Jesudason retired from Government Service in 1967. Wijeysingha claimed that he had heard that Jesudason had gotten into a dispute with the Ministry of Education, and that he had "stood his ground and refused to budge from certain principles." This resulted in him quitting two years before he had planned to retire. The school held a "big ceremony" for his resignation. The Straits Times credited Jesudason with having "[helping] create the Rafflesian spirit."

===Post-retirement activities===
In 1967, Jesudason became the principal of the International Training Centre, a secretarial, business and language school which first operated out of the International Building on Orchard Road. In 1971, he became the head of Secretarius, a school for secretaries. He remained in this position until he finally decided to retire from teaching altogether in 1976. He also served as the principal to a third private commercial college in this period. However, he joined the Civil Service Institute as a part-time lecturer in July 1979, conducting two courses on written communication for Division Two civil service officers. In 1980, he became the secretary of the newly-formed Association of Retired Teachers of Singapore, which was to served as a 'consultative body' to the Ministry of Education.
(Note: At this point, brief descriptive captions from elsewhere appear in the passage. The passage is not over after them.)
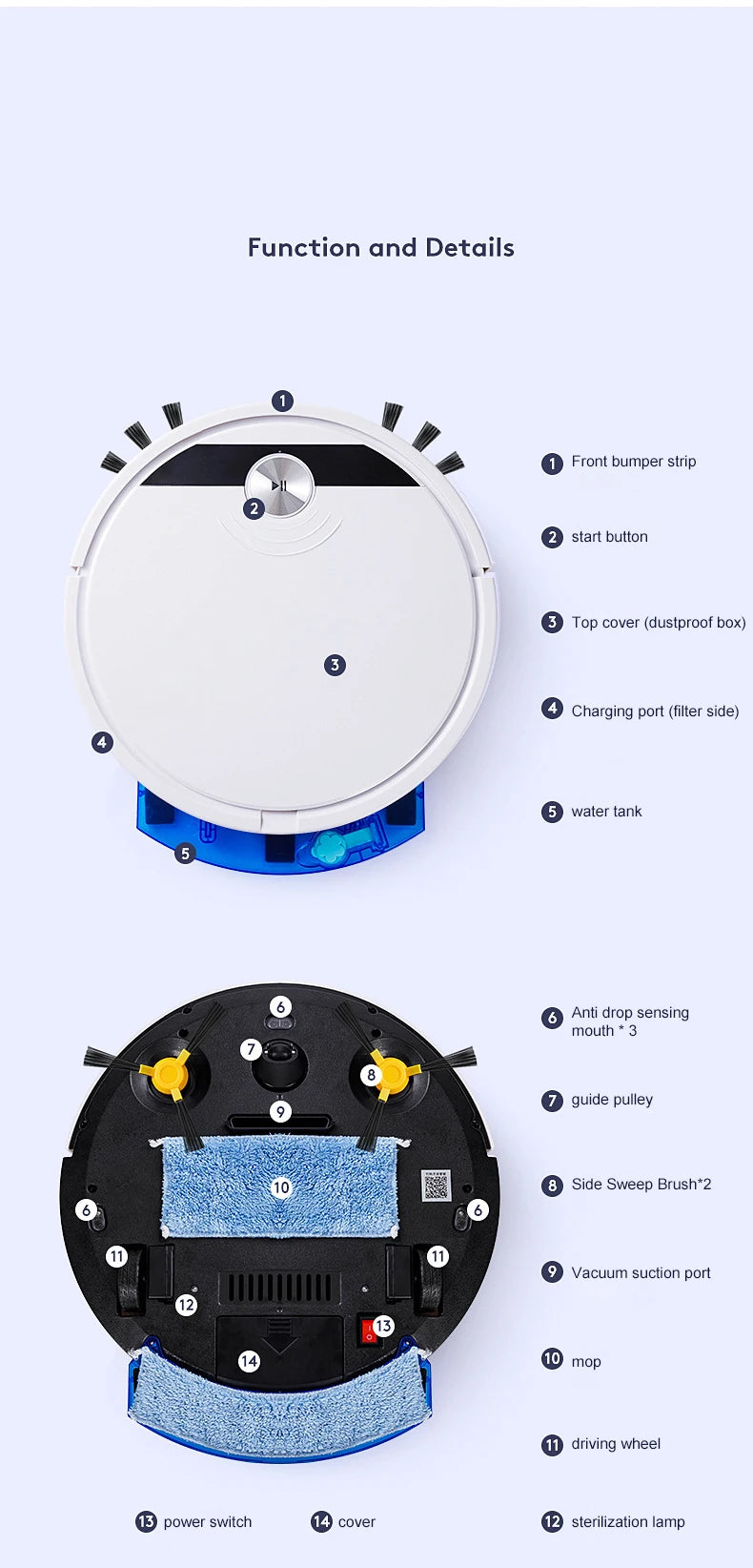 Household Sweeping Robot 2800PA 3-in-1 Smart Robot Vacuum Cleaner With Remote Control&APP Super Quiet Wet&dry Mopping Floor﻿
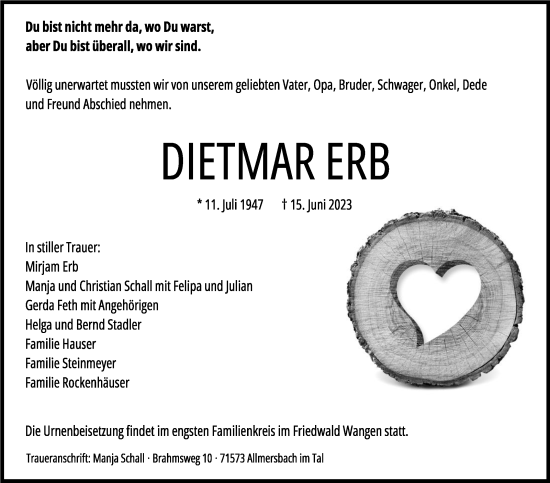 Traueranzeige von Dietmar Erb von Stuttgarter Zeitung / Stuttgarter Nachrichten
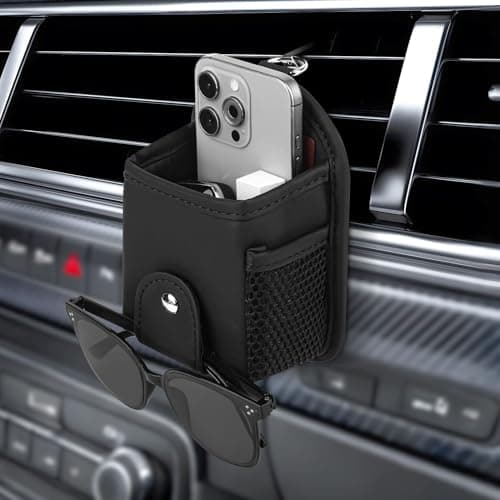 Qirc Car PU Leather Air Vent Pocket, Universal Sunglass Holder Organizer with Clip, Car Interior Storage Bag for Phone, Coin, Key, Card Case, Small Items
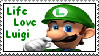 A stamp depicting a render of Luigi from Mario Party 7 touching his nose, with the text 'Life Love Luigi' to the right.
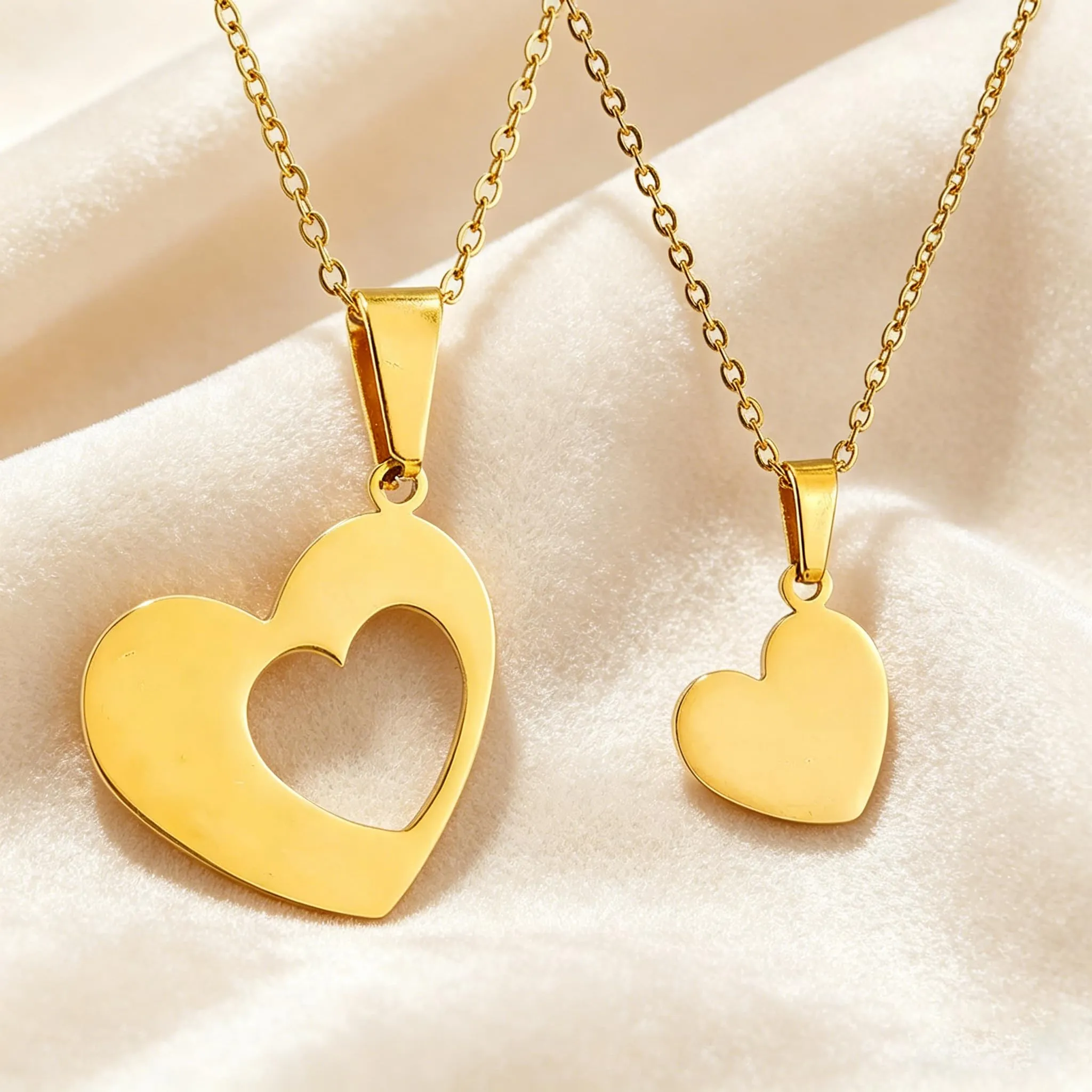 EUEAVAN, collana con ciondolo a forma di cuore spezzato, BFF Foever due mezzi cuori, collana abbinata a forma di cuore, gioielli per coppie, regalo, Moyen, Acciaio inossidabile, Senza Gemme - immagine 3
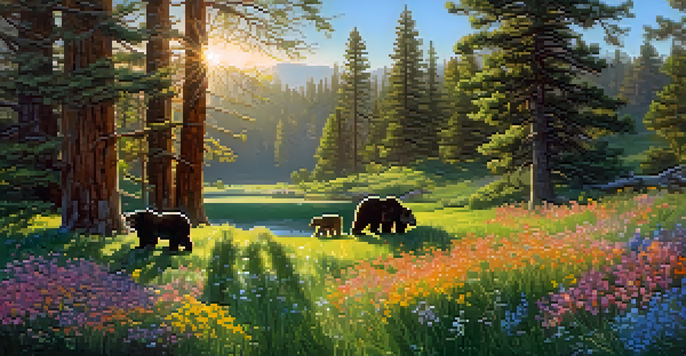 A spring meadow in Big Bear with a mother bear and her cubs playing among wildflowers, with birds nesting in trees under a blue sky.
==Personal life and death==
Jesudason was married with 11 children; seven daughters and four sons. His children included sprinter Janet Jesudason. He was known to be strict in disciplining his children. He was a "good sportsman", particularly in his younger years. He played soccer, hockey and rugby at Raffles College. He captained the Old Edwardians' Association rugby team for six seasons. He also played for the Perak Asiatics rugby team. He was also involved in school gymnastics while in Taiping. He was a Rotarian. Jesudason's close friends included educationist Bertha Neo, best known for her work at Rosyth School. According to her, Jesudason "went out of his way to help others wherever he could, giving advice and moral support". Neo claimed that he would "speak on behalf of someone who needed a job or place in a school."

A musician, Jesudason played several instruments, with the piano, violin and accordion being among his favourites. He and David Lim composed the English-language theme song to the 1973 SEAP Games, held in Singapore in September. Lim had wanted to compose a tune for the event, and he requested that Jesudason write the lyrics. The song was translated into Chinese, Tamil and Malay. Jesudason wrote poetry, and it was through this medium that he "conveyed his thoughts and philosophy". Photography and literature were also hobbies of his.

In his later years, Jesudason suffered from diabetes and heart issues. He had retired from teaching in 1976 due to declining health. Jesudason died on 31 August 1982. He was cremated at Mount Vernon later that day.